INSTRUCTIONS FOR THE TASK.
From the data below, return only the lines from the one with "MS license plate HWF819" through the one with "Givenchy Silk Bow", exact and inclusive, with pictures left out.

EXTRACTED DATA.

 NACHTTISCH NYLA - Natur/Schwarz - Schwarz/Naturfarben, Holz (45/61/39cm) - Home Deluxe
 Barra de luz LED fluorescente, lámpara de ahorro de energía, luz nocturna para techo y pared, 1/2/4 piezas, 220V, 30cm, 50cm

---

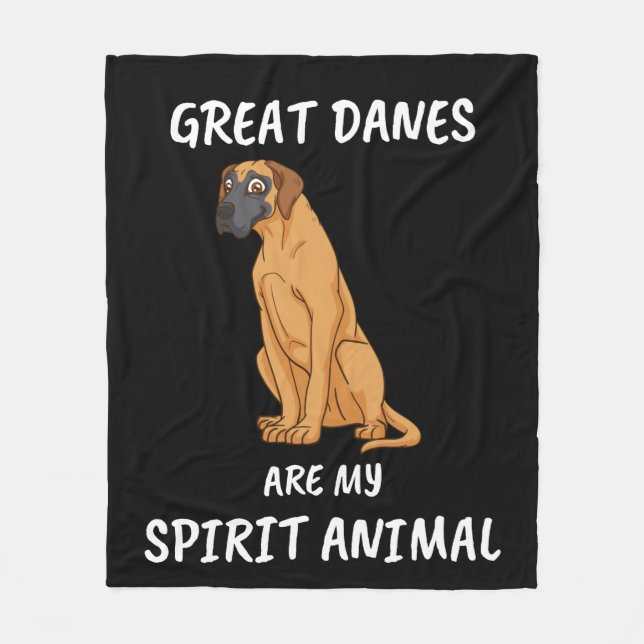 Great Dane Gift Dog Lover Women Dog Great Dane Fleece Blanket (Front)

--

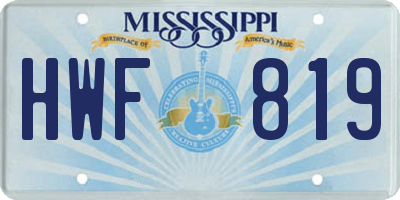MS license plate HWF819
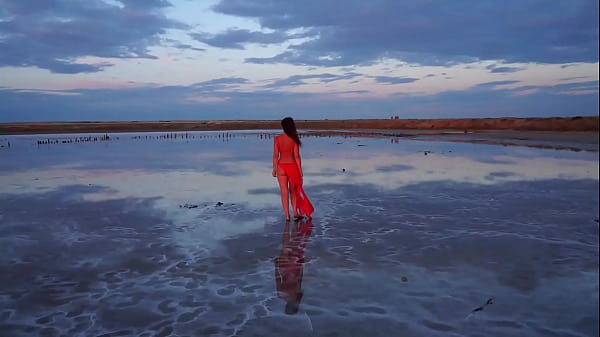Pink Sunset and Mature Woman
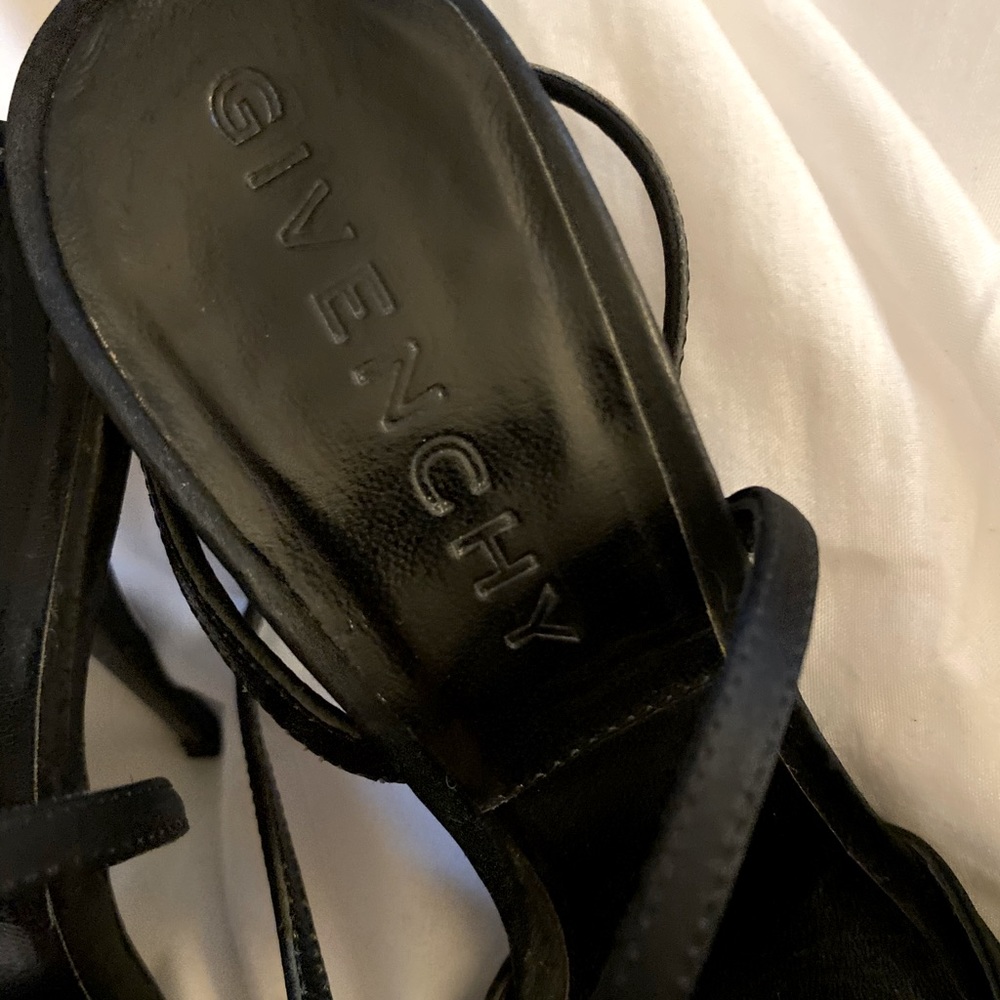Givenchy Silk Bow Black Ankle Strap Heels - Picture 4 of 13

ANSWER SPACE.
MS license plate HWF819
Pink Sunset and Mature Woman
Givenchy Silk Bow Black Ankle Strap Heels - Picture 4 of 13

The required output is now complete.